◆ TASK REQUIREMENTS ◆
The entries must be set down again word for word; no pictures belong in the copy.

◆ DATA FOR THIS TASK ◆
════════════════════

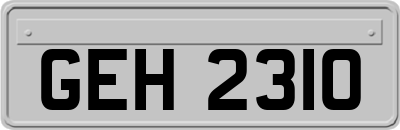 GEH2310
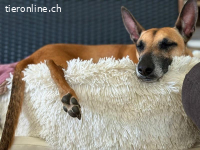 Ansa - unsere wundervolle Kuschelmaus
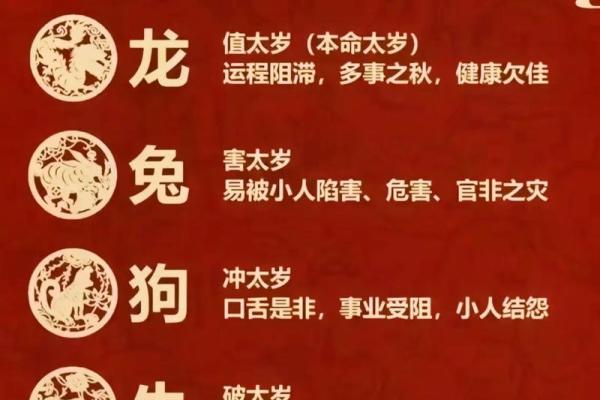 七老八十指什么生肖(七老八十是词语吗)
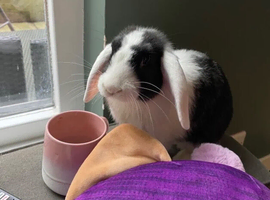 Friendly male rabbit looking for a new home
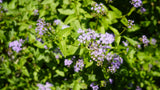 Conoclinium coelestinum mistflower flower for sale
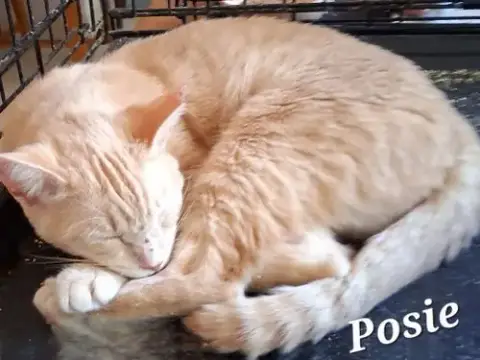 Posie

════════════════════

◆ OUTPUT FOR THIS EXERCISE ◆
 GEH2310
 Ansa - unsere wundervolle Kuschelmaus
 七老八十指什么生肖(七老八十是词语吗)
 Friendly male rabbit looking for a new home
 Conoclinium coelestinum mistflower flower for sale
 Posie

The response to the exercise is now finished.